Sur le générique de Voyage à Tokyo, Wenders parle de son admiration pour Ozu :
"rélalisateur de 54 films avec des moyens réduits au minimum, les mêmes histoires simples, les mêmes gens, dans la même ville, Tokyo. Cette chronique sur quarante ans enregistre la métamorphose de la vie au Japon. Le lent déclin de la famille japonaise et par là même le lent déclin de l'identité nationale. Il le fait sans mépriser le progrès ou la culture américaine mais en déplorant avec une nostalgie distanciée, la perte qui a lieu simultanément. Aussi japonais soient-ils, ses films peuvent prétendre à une compréhension universelle. J'ai pu y reconnaitre toutes les familles, tous les parents du monde ainsi que mes parents mon frère et moi-même. Pour moi le cinéma ne fut jamais auparavant et plus jamais depuis si proche de sa propre essence et de sa détermination même, donnant une image utile, une image vraie de l'homme du XXe siècle qui lui sert non seulement à se reconnaitre mais surtout à apprendre sur lui-même".
Apres un extrait des deux premières minutes du film. Wenders reprend :
"L'uvre d'Ozu n'a pas besoin de mes éloges. Un sanctuaire du cinéma ne peut exister que dans l'imaginaire et mon voyage à Tokyo n'avait rien d'un pèlerinage. J'étais curieux de trouver des traces, des images des gens à moins qu'avec le changement, je ne puisse plus rien y reconnaitre".
Journal filmé. Dans un cimetière des hommes et des femmes riants piqueniquent à l'ombre de cerisiers en fleurs. Pour Wenders qui regarde maintenant ces images tournées au printemps cela semble ausis lointain qu'un rêve écrit sur un bout de papier au matin et que l'on ne reconnaît plus ensuite. "Mes images de Tokyo m'apparaissent refléter une perception somnambule". Soudain pourtant il reconnaît dans un petit garçon qui ne veut pas suivre sa mère ,l'un des nombreux sales gosses des films d'Ozu. Balade dans Tokyo, dans l'un des nombreux salons de pachinko où la folie du jeu aide le temps à passer malgré le bruit des machines à sous.
Rencontre avec Chishu Ryu, qui a interprété un rôle dans pratiquement tous les films d'Ozu et évoque ses rapports, toujours d'élève à professeur ou de fils à père, avec celui qui demeure son seul maître. Les trains, omniprésents dans les oeuvres d'Ozu. Le golf qui a conquis le Japon en même temps que les toits des buildings de ses grandes villes, faute de place.

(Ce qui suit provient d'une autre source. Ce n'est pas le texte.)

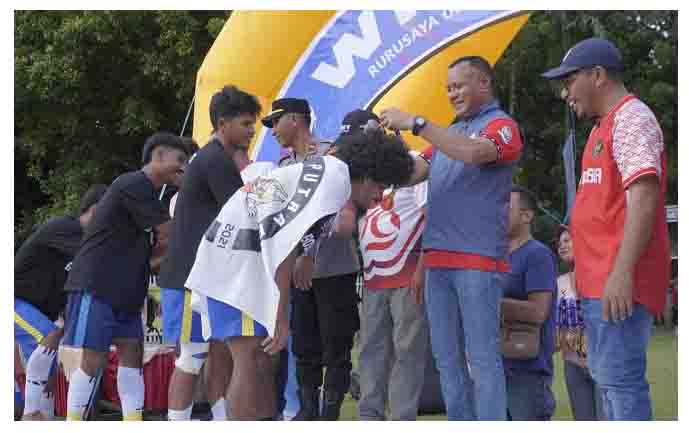 Wali Kota Tidore Kepulauan Muhammad Sinen, SE menyerahkan Piala bergilir kepada Putra FC dari Kelurahan Tuguwiha yang keluar sebagai Juara pada pertandingan Ruru Saya Open Tournamen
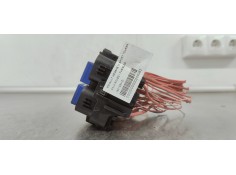 Recambio de caja reles / fusibles para renault megane iii sport tourer 1.5 dci referencia OEM IAM 18013301D  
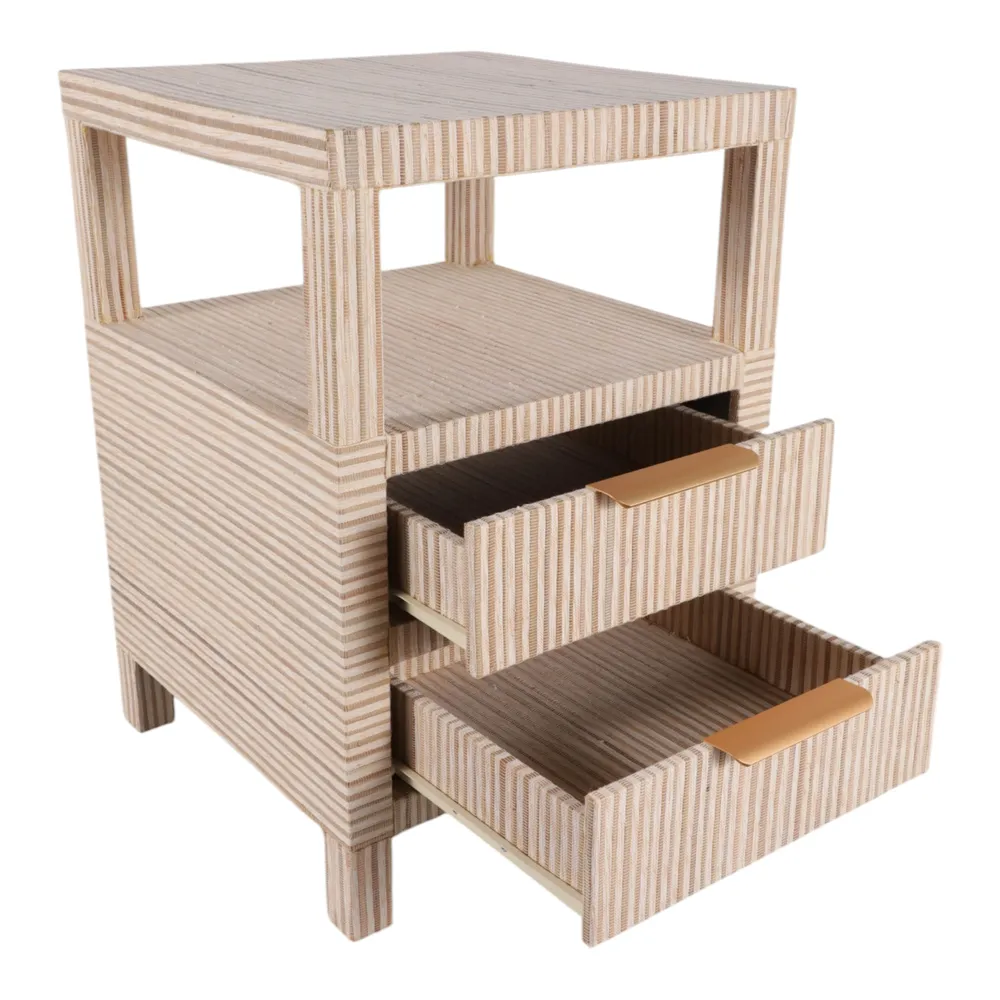 DUNCANMORE IVORY TABLE 26 (IN)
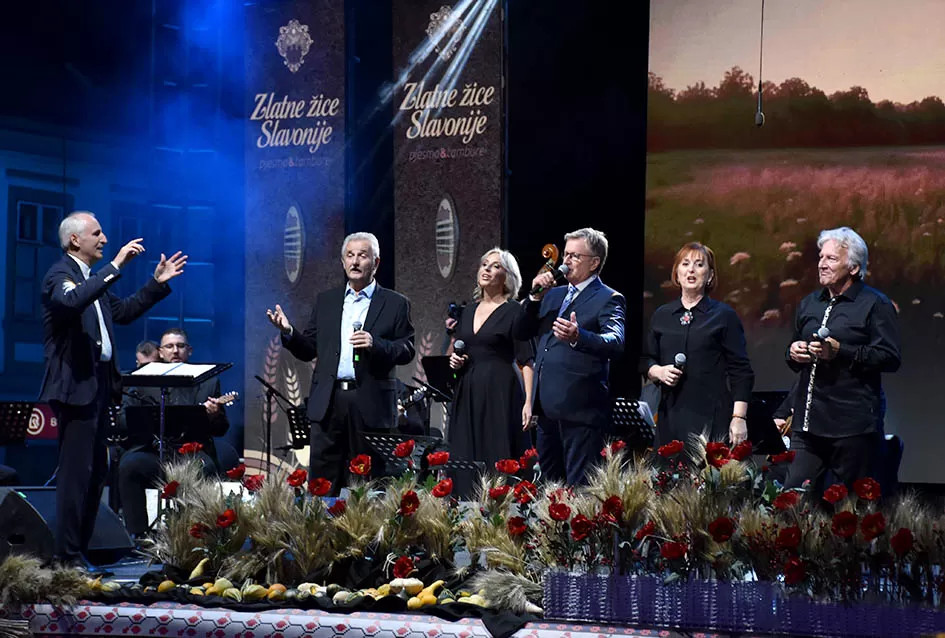 (FOTOGALERIJA) Festivalski koncert u čast Ćiri Gašparcu- obitelji plaketa zahvale za njegov doprinos glazbenoj baštini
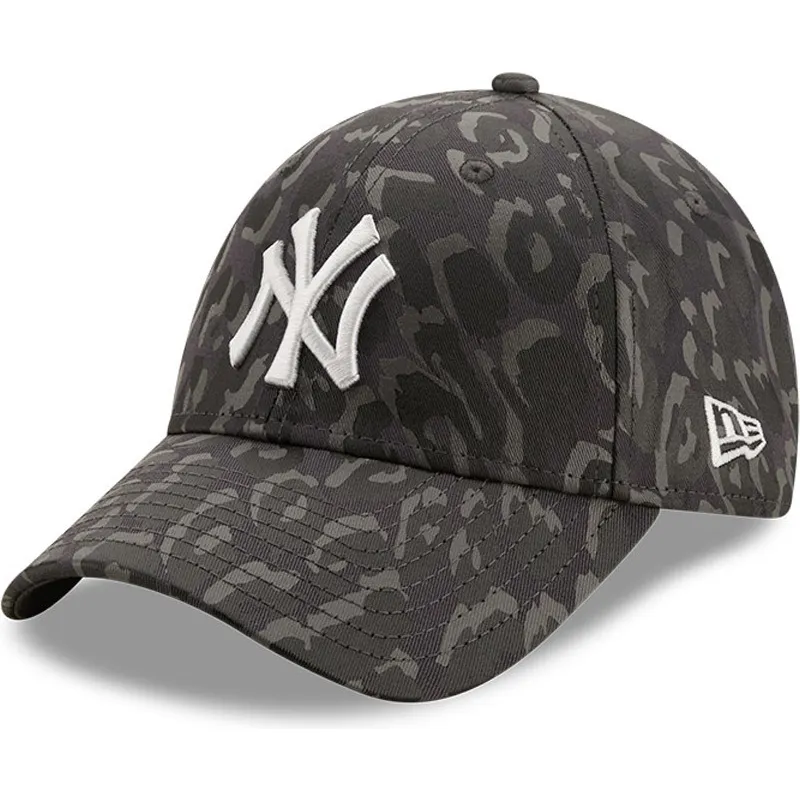 czapka-z-daszkiem-zakrzywiona-kamuflaz-czarny-regulowana-9forty-all-over-camo-new-york-yankees-mlb-new-era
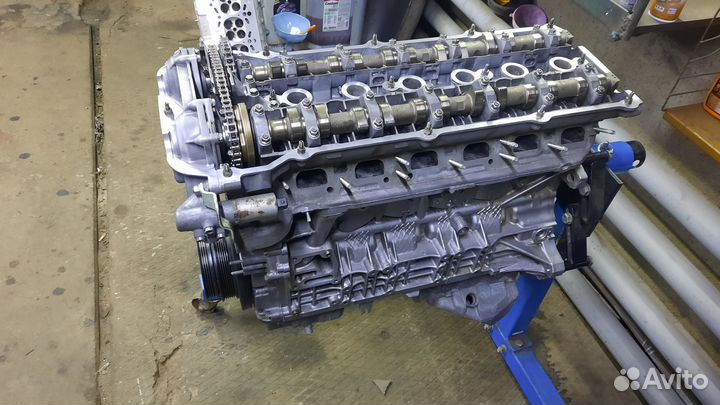 Двигатель на BMW M54B30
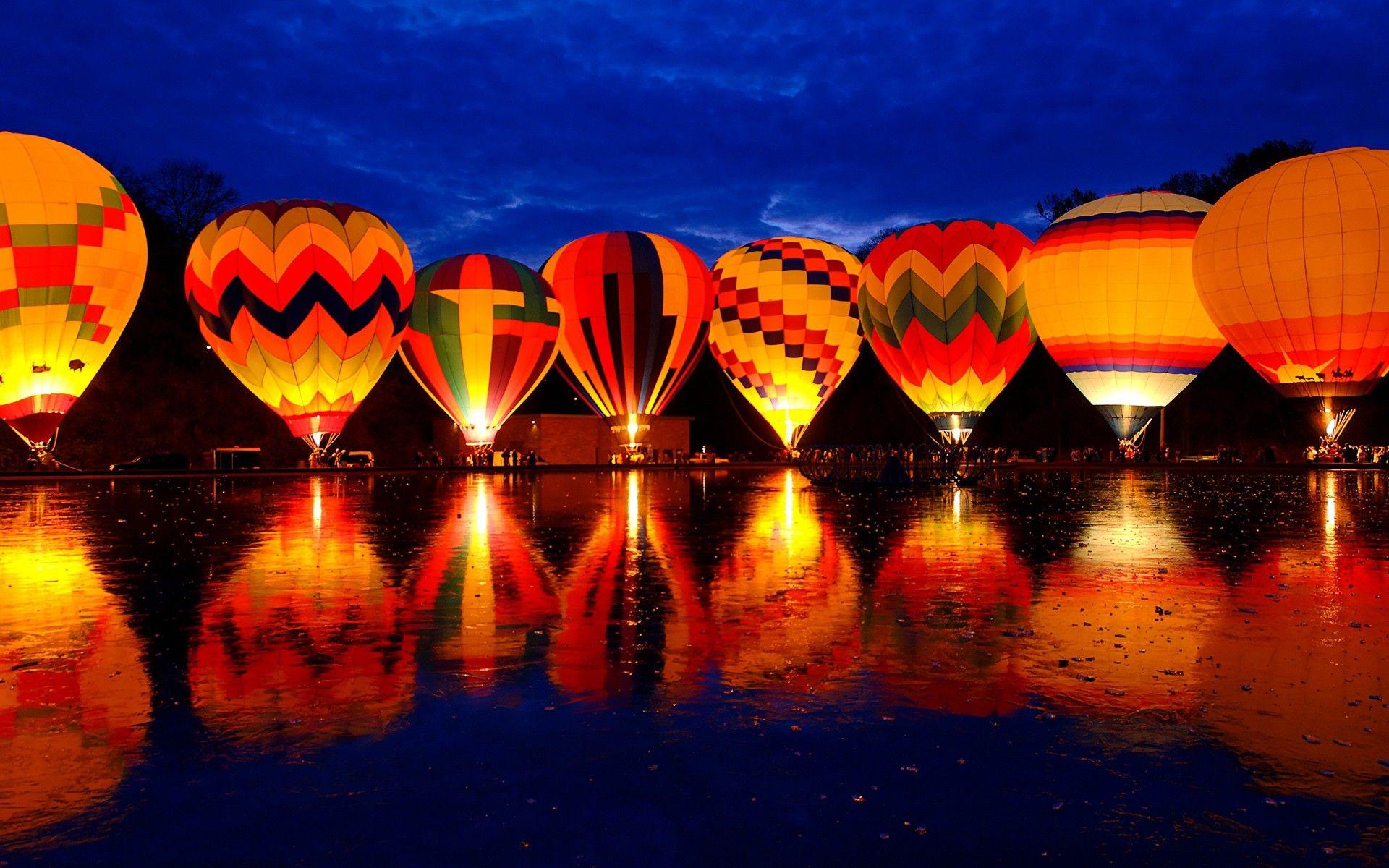 1920x1200 ER: Hot air balloon, warehouse image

Ces ateliers où l'on fabrique la nourriture en plastique destinée aux étalages. Représentations artificielles bien souvent aussi appétissantes que les véritables.
Une nouvelle rencontre, dans un bar de Shinjuku; celle de Chris Marker, réalisateur français, amoureux du Japon, et puis cette autre avec Yuharu Atsuta, cet "artisan de la caméra", qui témoigne avec émotion de ce que fut son travail avec Ozu, et qui ne l'a pas quitté depuis le temps où il n'était que deuxième assistant des films muets. La technique, les plans fixes, filmer en intérieur avec l'oeil de quelqu'un d'assis, en extérieurs, bien que rares, filmer pratiquement couché.
La tombe d'Ozu, froide, qui ne porte pas de nom, seulement un signe chinois ancien, "Mu" - qui signifie le vide, "rien". La fin du Voyage à Tokyo.
L'un des fondements du plaisir intense procuré dès les premiers plans du film tient au sentiment de retour aux origines du cinéma. De l'exploration de On n'apprend rien du grand cinéaste que fut Ozu si ce n'est l'admiration qu'en a Wenders qui, tel un somnanbule, traverse Tokyo à la recherche d'une image qui pourrait lui rappler celle d'un film d'Ozu.